Hunt v. Upton

Crow, J.

This action was commenced in September, 1893, to recover the sum of $2,000 and interest upon the following contract:

“Walla Walla, W. T., April 1, 1888.

“Whereas, G. W. Hunt is contemplating the construction of railroads for the purpose of furnishing additional and cheaper transportation for that portion of Washington Territory lying south of Snake River, and parts of Umatilla county, Oregon, and is soliciting assistance therein; and whereas, the undersigned is desirous of obtaining such transportation; therefore, in consideration that said G. W. Hunt or his assigns, shall within nine months from the date hereof, build and put in operation in the usual manner a standard gauge railroad, beginning at or near Wallula Junction, Washington Territory, and extending thence eastwardly, via Eureka Flat to Walla Walla, Washington Territory, the said road to extend to the head of Eureka Flat and to be completed there by December 1, 1888, and to the city of Walla Walla, W. T., by January 1st, 1889, and shall transport or cause to be transported to some convenient harbor of shipment, at tide water on Puget Sound, all produce of the country that I shall desire to ship after the construction of said road, at a rate not to exceed the rate on such produce charged from Walla Walla to Portland, on other railroads. And to aid in the execution of said enterprise, I promise to pay G. W. Hunt or his assigns, the sum of two thousand dollars, one-half of the same to be due and payable when said railroad is constructed and put in operation between said Wallula and said Walla Walla, via Eureka Flat, and the remaining half in one year from that date, said sum to be payable in cash or good and merchantable wheat, at the rate of not less than fifty cents per bushel, delivered at any depot or shipping station on said railroad. The last payment to bear interest from date of completion of the railroad aforesaid, until paid at the rate of six per cent per annum.

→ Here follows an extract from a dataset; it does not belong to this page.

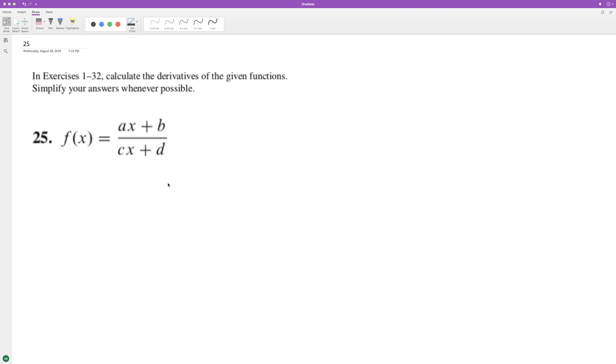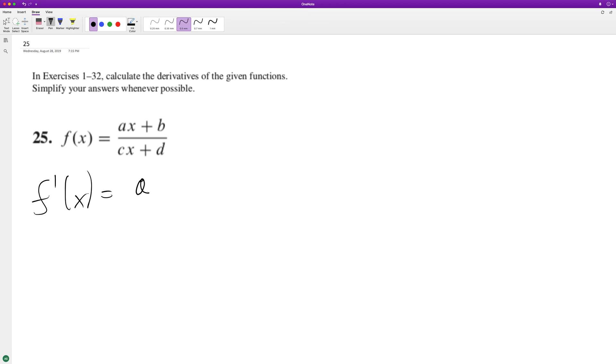For this problem, find the derivative. We're going to use the quotient rule. So starting off here, take the derivative of the top, which is going to be just a, because x has the coefficient a.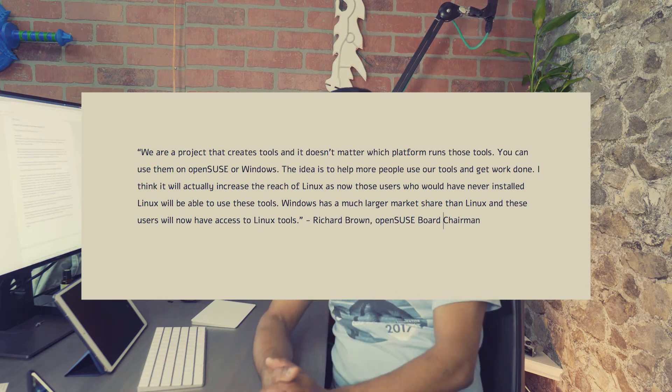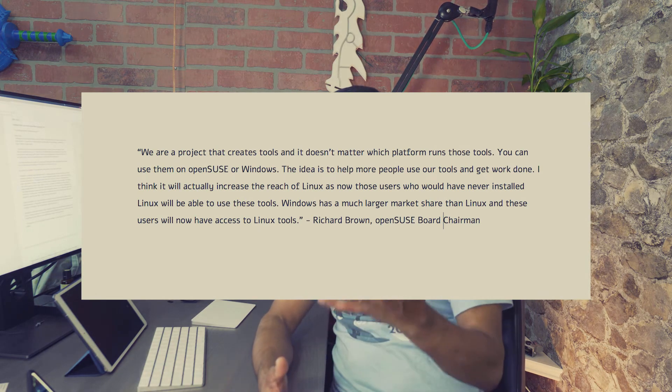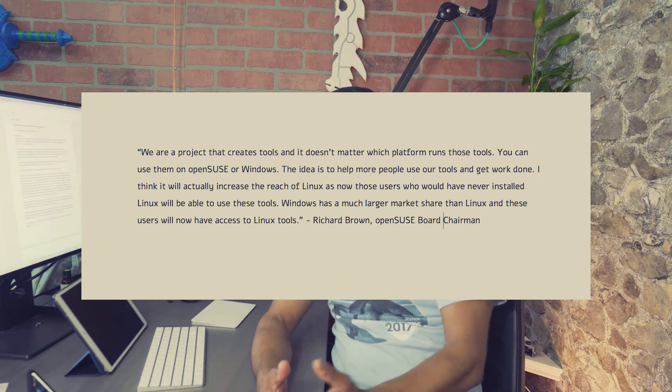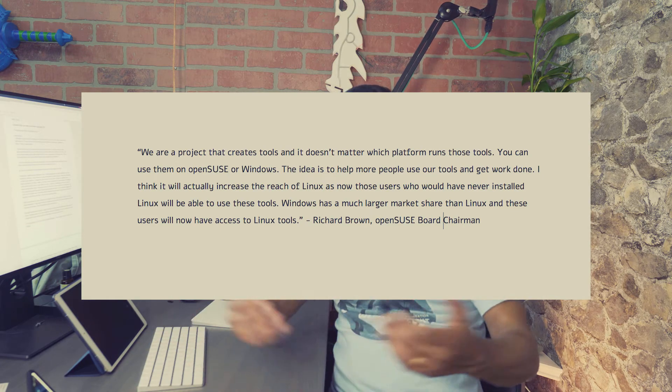Linux still has that 2% market share, and Windows still dominates. Even developers prefer Windows over Linux. If you go to any enterprise open source event, all you see is Mac OS — people fire up the terminal and have every tool at their disposal. So they're not Linux users in either case. But through WSL, they become Linux users, because even if they're using Windows, they're running OpenSUSE there. I talked to Richard Brown, the chairman of the OpenSUSE board, and he was very enthusiastic, saying that through WSL, Linux will actually expand its reach to more people who would have never used those tools before.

This agreement to be deposited with the Executive Committee of the Walla Walla Board of Trade, to be delivered by them only on compliance by said G. W. Hunt with the terms hereof on his part. Should said G. W. Hunt or his assigns fail to *126complete said railroad within the time designated, this agreement to be null and void.

“Attest: J. C. Painter. (Signed) C. B. and Wm. H. Upton.”

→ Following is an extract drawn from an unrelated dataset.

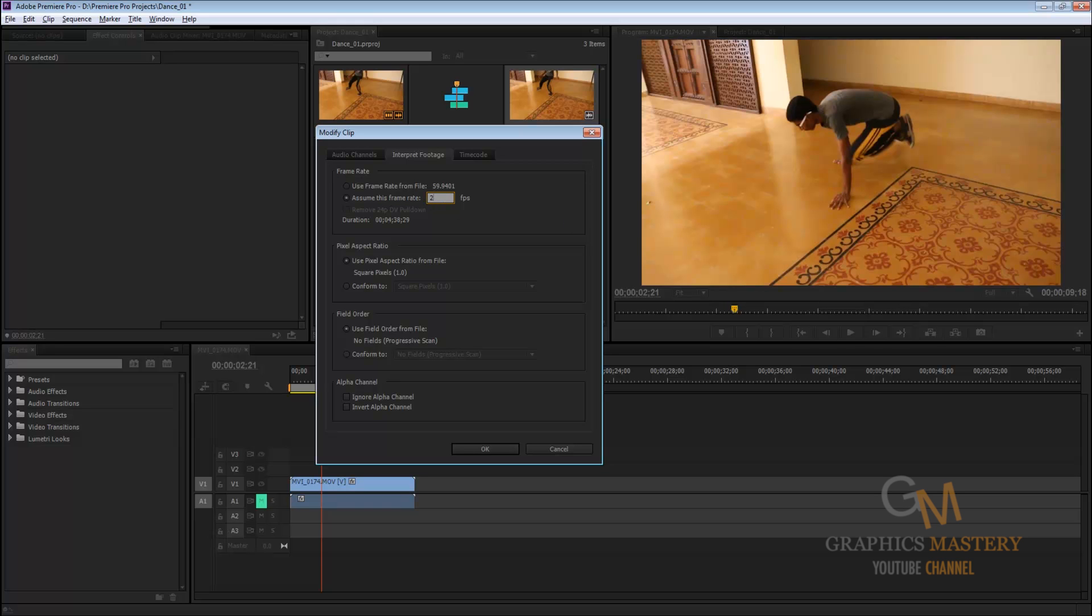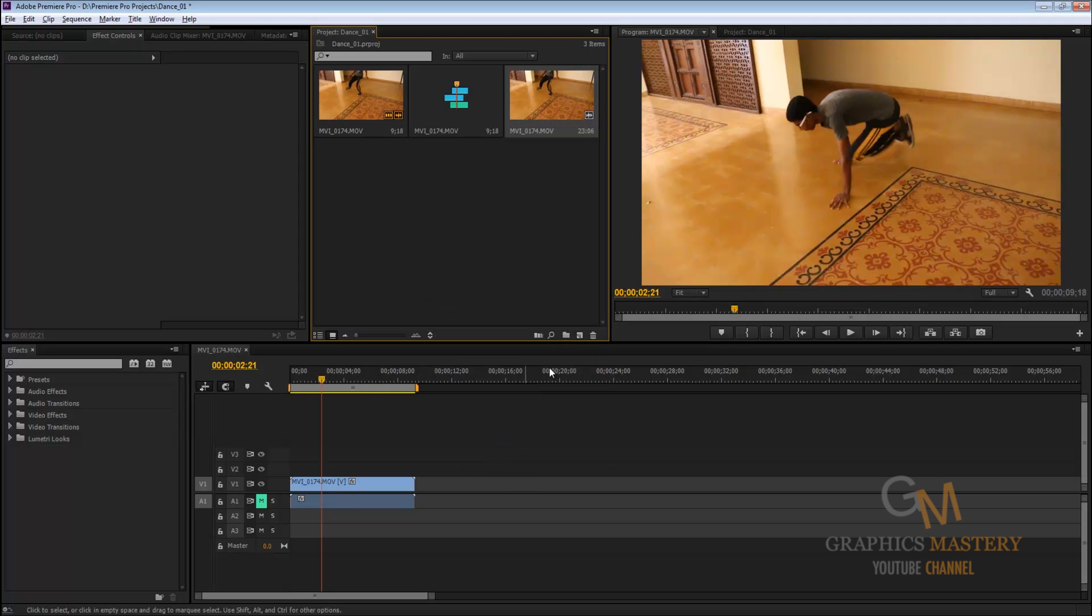Right, and the good thing about this dialog box is it gives you a duration amount right here. If you were to keep it at 60 FPS you can see that the duration was 9 seconds. If I was to bring it down to 24 it's going to change to 23. So this gives you a good idea how the duration is going to change.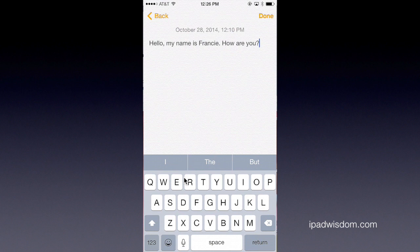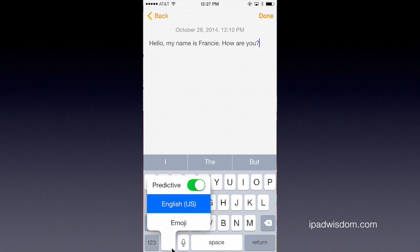A quick tip: how do you turn on or off predictive text, and how do you hide it and reveal it? For permanently turning it off and getting it out of your way, you can be in any app — in this case I'm in Notes, but you could be in Mail or any other program that uses your keyboard. Just tap and hold down on the emoji icon, or the globe icon if you've installed other keyboards. You'll get a menu that allows you to switch between keyboards and also shows the option for predictive text.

The plaintiff, G. W. Hunt, alleged that all of the conditions of said contract had been performed upon his part. The defendants admitted the execution of said contract, but in substance denied the other allegations of the complaint. Several affirmative defenses were pleaded, but as no evidence was admitted in support thereof, their consideration was withdrawn from the jury. , From a judgment in favor of the plaintiff, this appeal has been taken.

It appears from undisputed evidence that said road was commenced at a point known as Hunt’s Junction, about one mile from Wallula Junction; that it was built thence in a northeasterly direction to Eureka Station, located within that certain territory known as Eureka Flat, and that it was thence extended in a southeasterly direction to Walla Walla. It further appears that a branch line was built from Eureka Junction in a northeasterly direction to Pleasant View, which the respondent contends is located at the head of Eureka Flat. There is no serious contention but that the road as built was completed to Pleasant View and also to Walla Walla within the stipulated time. Nor is there any serious contention but that it maintained freight rates and rendered service to the public as required by the contract, at all times prior to the commencement of this action. The road as constructed was not built by G. W. Hunt personally. He organized a corporation known as the Oregon and Washington Territory Railroad Company, in which he owned substantially all of the capital stock, a few shares being held by others to perfect the organization, and said corporation built the road. He contends that he $as obliged to act through the agency of said corporation, as he had to obtain a right of way, and that being unable to secure the same by purchase, he had to *127acquire it through said corporation under the right of eminent domain. He also contends that, in building the road through the agency of the Oregon and Washington Territory Railroad Company, he in fact built it himself, he being the promoting cause in securing its construction.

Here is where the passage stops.